That’s how women were when it came to relationships, he thought. No matter what went down, it was never the woman’s fault. If a happily married woman ran up on Denzel or Idris Elba and he told her that he wanted her to run away with him, if she did it she wouldn’t blame herself. She’d blame her husband for not being Denzel or Idris. That’s how women rationalized their way out of the shit they pulled. It was always the man’s fault for not meeting some real or imagined need, and never about the fucked up shit they pulled. Faith feeling sorry for Mom was proof of that.
“And what if they decided to get back together?” Faith asked, dodging the debate bullet.
“Then I’d be happy for them. But I’d be worried about Dad.”
“Why?”
“Because he might be wondering if what happened before might happen again. That’s a lot of stress, loving somebody and not being sure it’s real and that it’ll last.”
“Of course it’s real. I think they still love each other, and if they want to try again, they should.”
“Just like that.”
“Yes. What – you don’t think they should get back together?”

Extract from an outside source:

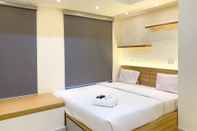 Kamar Tidur Cozy and Nice Studio at Pollux Chadstone Apartment By Travelio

Kyle wondered how Faith would feel about their parents reconciling if their situation were reversed. What if Dad had been the one who’d said he’d needed to go find himself or whatever reason it was that Mom told her and Erica? Would Faith still be okay with it then if Dad said, “You know what? I changed my mind. I’m good now, so let’s act like I never took your mother’s heart and ground it under my heel. Let’s all be one big happy family again.” Would Faith still be okay with them getting back together if Dad had done that to Mom?
“Kyle?”
“Yeah, if it’s what they both want then I’d be happy for them.”
“Are you sure you’re okay?”
“I’m good.”
“You sound kind of strange. Are you sure you’re okay about Gerri?”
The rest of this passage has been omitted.